Poor compression of >20GB exe/msi/cab sample
-
@spwolf said in Poor compression support:
@diskzip do you plan to add full MT support for 7z? I think that is a must have if you want people to use your tool over 7z. Otherwise, it is much easier to test 7z with just using 7zFM since we can use 8t cpus properly and it cuts down testing on 20gb files by significant margin (35m vs 140m for this test on my computer).
Or does DiskZip do anything else for 7zip that affects compression, are results different between 7z and diskzip using 7z?
DiskZIP is fully multi-threaded, but the default compression profiles all favor smaller archive size over processing speed, so you would need to edit your compression settings in the DiskZIP GUI to spread usage over more cores. I am escalating this request internally to see where the magic happens here.

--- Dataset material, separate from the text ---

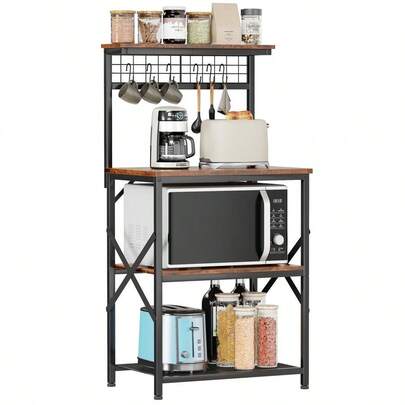 Kitchen Bakers Rack With Hutch, Coffee Bar Station 4 Tiers, Microwave Oven Stand With 6 S Hooks And Pegboard, Kitchen Microwave Rack For Spice Organizer Workstation, Rustic Brown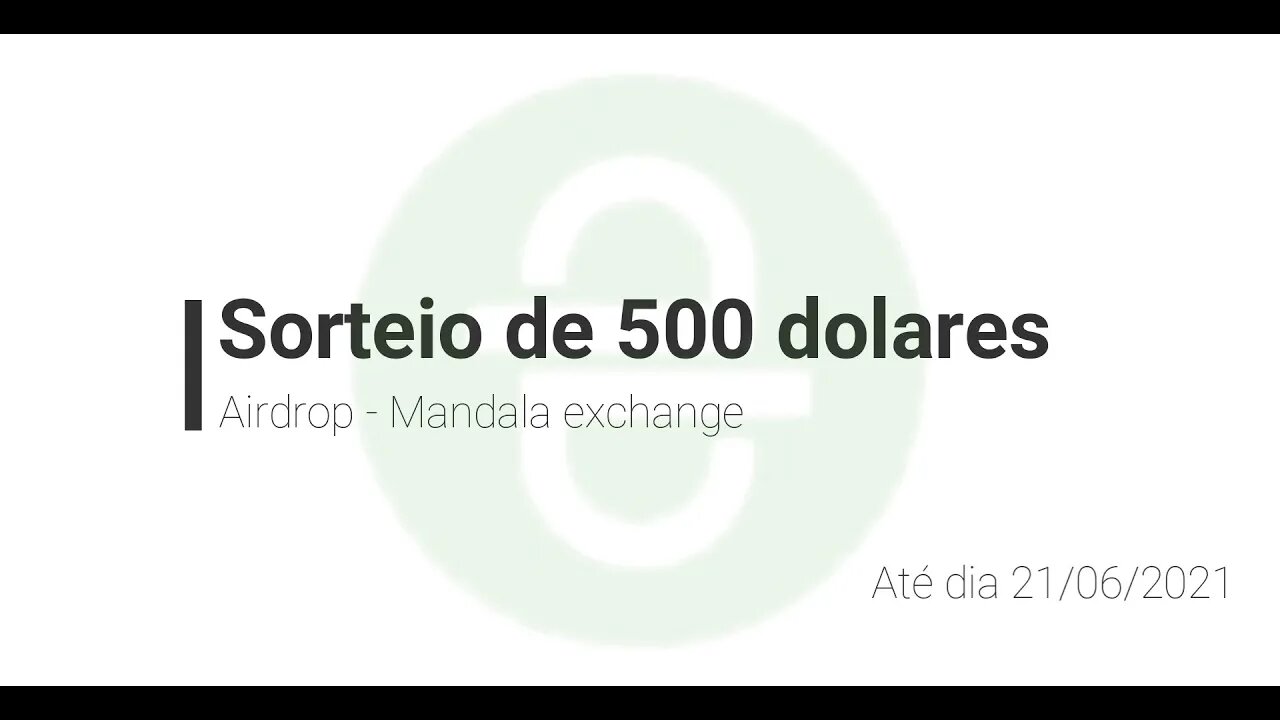 Airdrop - Mandala Exchange - Sorteando 500 doletas pra "nois"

Note that with standard 7-Zip (or DiskZIP that consumes standard 7-Zip from a structured DLL interface), you need to limit thread counts to two for obtaining the best results. While LZMA2 has been optimized to spread the workload across multiple threads, doing so always does very substantial harm to the compression savings realized.
DiskZIP does not do anything that affects compression, so results should be 100% identical between 7-Zip and DiskZIP.
-
@diskzip said in Poor compression support:
@spwolf said in Poor compression support:
@diskzip do you plan to add full MT support for 7z? I think that is a must have if you want people to use your tool over 7z. Otherwise, it is much easier to test 7z with just using 7zFM since we can use 8t cpus properly and it cuts down testing on 20gb files by significant margin (35m vs 140m for this test on my computer).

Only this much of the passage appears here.